Start of Block

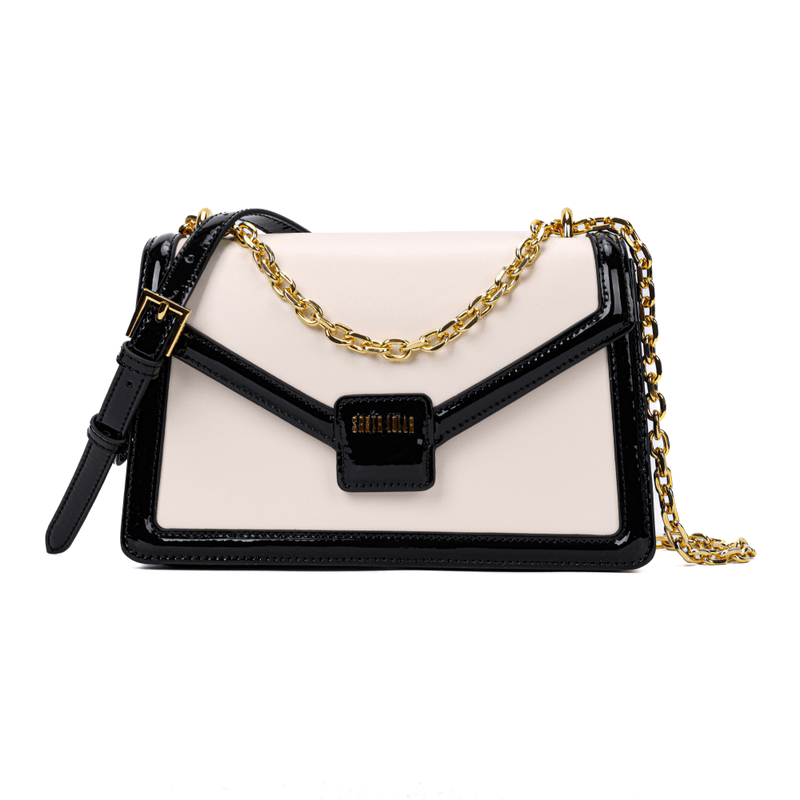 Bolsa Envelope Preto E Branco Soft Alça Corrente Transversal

End of Block
Start of Block

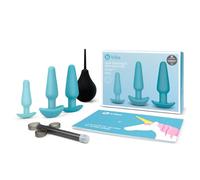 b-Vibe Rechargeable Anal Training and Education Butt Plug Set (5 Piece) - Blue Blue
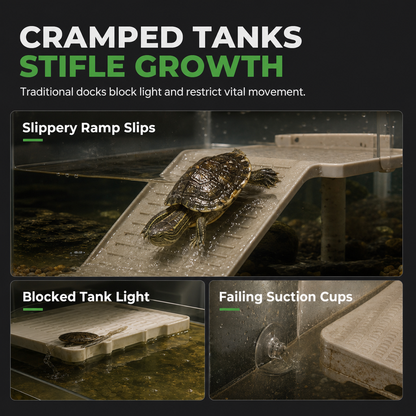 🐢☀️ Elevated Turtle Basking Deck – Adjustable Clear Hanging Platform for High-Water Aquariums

End of Block

Give back the exact lines above, running from the one that has "b-Vibe Rechargeable Anal" through the one that has "for High-Water Aquariums", with nothing added and no pictures.

> Solution below:
 b-Vibe Rechargeable Anal Training and Education Butt Plug Set (5 Piece) - Blue Blue
 🐢☀️ Elevated Turtle Basking Deck – Adjustable Clear Hanging Platform for High-Water Aquariums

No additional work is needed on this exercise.